Friday, October 5, 2018

Stuffed and Starved: The Hidden Battle for the World Food System - Revised and Updated Revised, Expanded Edition by Raj Patel (Melville House)


"Stuffed and Starved" by Raj Patel is an ambitious piece of research and critical analysis of the world food system. As both a seasoned policy analyst and news reporter, Mr. Patel's thinking has been enriched through interactions with farmers, businesspeople, policymakers, and activists in four continents. Sharing his thoughts and experiences in an intelligent, mature and accessible manner, Mr. Patel contends that the corporate dominance of the global food production and distribution system must be challenged at the pain of pushing humanity into an ever more insecure and unsustainable future.

Mr. Patel's core argument is that a relatively small number of giant corporations have used their power to benefit themselves at great cost to people's health and the environment. To help build his case, Mr. Patel traveled to Brazil, India and the U.S. to find small farmers who are all but forced to produce food under exploitative terms set by the agribusiness giants. Under these conditions, it is not surprising that farmers who are pressed to merely survive are becoming less and less concerned about conserving land and water resources, much less with preserving the unique varieties of crops that might otherwise enrich our collective experience with food. Instead, farmers tend to produce commodity goods such as soy beans that are often shipped to distant consumers located thousands of miles away; the author follows the flow of product through the supply chain to document and contrast how individual farmers receive next to nothing from their labors while heavily-capitalized distributors, processors and retailers gain enormous profits. Meanwhile, consumers in developed countries gain access to an abundance of cheap but nutritiously-dubious food while many in poorer countries live calorie-deficient lives.

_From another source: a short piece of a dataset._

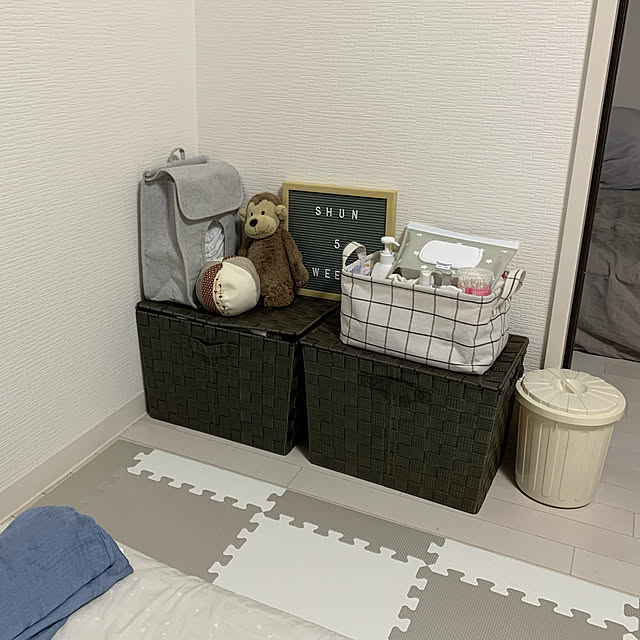 yunさんの実例写真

Throughout the text, Mr. Patel provides valuable perspective and context. Mr. Patel views the Green Revolution of the 1960s as an attempt to help India and other recipient countries to resist communism and only secondarily as a project to support the local inhabitants. In fact, Mr. Patel discusses how the inroads made by multinational firms into the Indian farming economy has allowed these companies to successfully market patented pesticides, seeds and farm implements while simultatenously attempting to secure intellectual property rights to indigenous knowledge. Mr. Patel goes on to explain that the rubric of improving the lives of the poor has more recently been used by the biotech industry to market products such as 'golden rice', a food that offers a non-solution to the underlying conditions that drive poverty and malnutrition.

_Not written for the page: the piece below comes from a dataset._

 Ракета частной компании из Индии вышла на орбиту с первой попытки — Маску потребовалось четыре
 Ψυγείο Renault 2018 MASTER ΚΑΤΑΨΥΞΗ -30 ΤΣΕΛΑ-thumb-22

Interestingly, Mr. Patel shows how the military's development of packaged foods production and distribution laid the groundwork for the industrial system we take for granted today. Mr. Patel deconstructs the modern supermarket to demonstrate that the illusion of choice serves to alienate and distract us from our relative powerlessness, pointing out that the corporate food system's heavy dependence on oil exposes society to disaster in the event of supply disruption. Fortunately, the author also discusses how people are beginning to challenge the corporate model, including farmer co-ops, the slow food movement, organic foods, and other strategies. The author is hopeful that reclaiming our food rights can become the basis for a more humane and equitable relationship between people and help to heal the planet that sustains us all.

I highly recommend this outstanding book to everyone.